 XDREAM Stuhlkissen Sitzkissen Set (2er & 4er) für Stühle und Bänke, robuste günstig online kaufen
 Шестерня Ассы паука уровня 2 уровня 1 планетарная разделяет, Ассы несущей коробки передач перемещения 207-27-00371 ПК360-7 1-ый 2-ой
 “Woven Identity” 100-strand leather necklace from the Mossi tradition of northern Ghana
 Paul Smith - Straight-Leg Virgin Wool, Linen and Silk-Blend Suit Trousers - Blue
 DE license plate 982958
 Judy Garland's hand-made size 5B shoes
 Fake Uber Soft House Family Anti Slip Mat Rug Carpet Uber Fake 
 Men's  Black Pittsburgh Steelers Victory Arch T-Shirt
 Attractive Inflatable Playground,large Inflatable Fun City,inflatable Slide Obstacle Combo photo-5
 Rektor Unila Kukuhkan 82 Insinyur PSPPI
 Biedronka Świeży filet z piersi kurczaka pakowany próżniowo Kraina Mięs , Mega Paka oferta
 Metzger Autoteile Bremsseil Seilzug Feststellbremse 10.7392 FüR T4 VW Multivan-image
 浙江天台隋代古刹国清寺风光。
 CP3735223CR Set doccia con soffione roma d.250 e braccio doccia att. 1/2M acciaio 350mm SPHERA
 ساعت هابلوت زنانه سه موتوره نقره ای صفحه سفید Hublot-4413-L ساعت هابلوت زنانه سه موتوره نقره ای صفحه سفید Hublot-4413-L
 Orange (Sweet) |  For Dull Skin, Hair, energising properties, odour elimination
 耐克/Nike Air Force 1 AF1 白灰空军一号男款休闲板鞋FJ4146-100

________________________________________

**TASK DESCRIPTION**
Repeat exactly the lines starting at the line with "Paul Smith - Straight-Leg" and ending with the final line of the entries. Include nothing else.

**SOLUTION FOR THIS PROBLEM**
 Paul Smith - Straight-Leg Virgin Wool, Linen and Silk-Blend Suit Trousers - Blue
 DE license plate 982958
 Judy Garland's hand-made size 5B shoes
 Fake Uber Soft House Family Anti Slip Mat Rug Carpet Uber Fake 
 Men's  Black Pittsburgh Steelers Victory Arch T-Shirt
 Attractive Inflatable Playground,large Inflatable Fun City,inflatable Slide Obstacle Combo photo-5
 Rektor Unila Kukuhkan 82 Insinyur PSPPI
 Biedronka Świeży filet z piersi kurczaka pakowany próżniowo Kraina Mięs , Mega Paka oferta
 Metzger Autoteile Bremsseil Seilzug Feststellbremse 10.7392 FüR T4 VW Multivan-image
 浙江天台隋代古刹国清寺风光。
 CP3735223CR Set doccia con soffione roma d.250 e braccio doccia att. 1/2M acciaio 350mm SPHERA
 ساعت هابلوت زنانه سه موتوره نقره ای صفحه سفید Hublot-4413-L ساعت هابلوت زنانه سه موتوره نقره ای صفحه سفید Hublot-4413-L
 Orange (Sweet) |  For Dull Skin, Hair, energising properties, odour elimination
 耐克/Nike Air Force 1 AF1 白灰空军一号男款休闲板鞋FJ4146-100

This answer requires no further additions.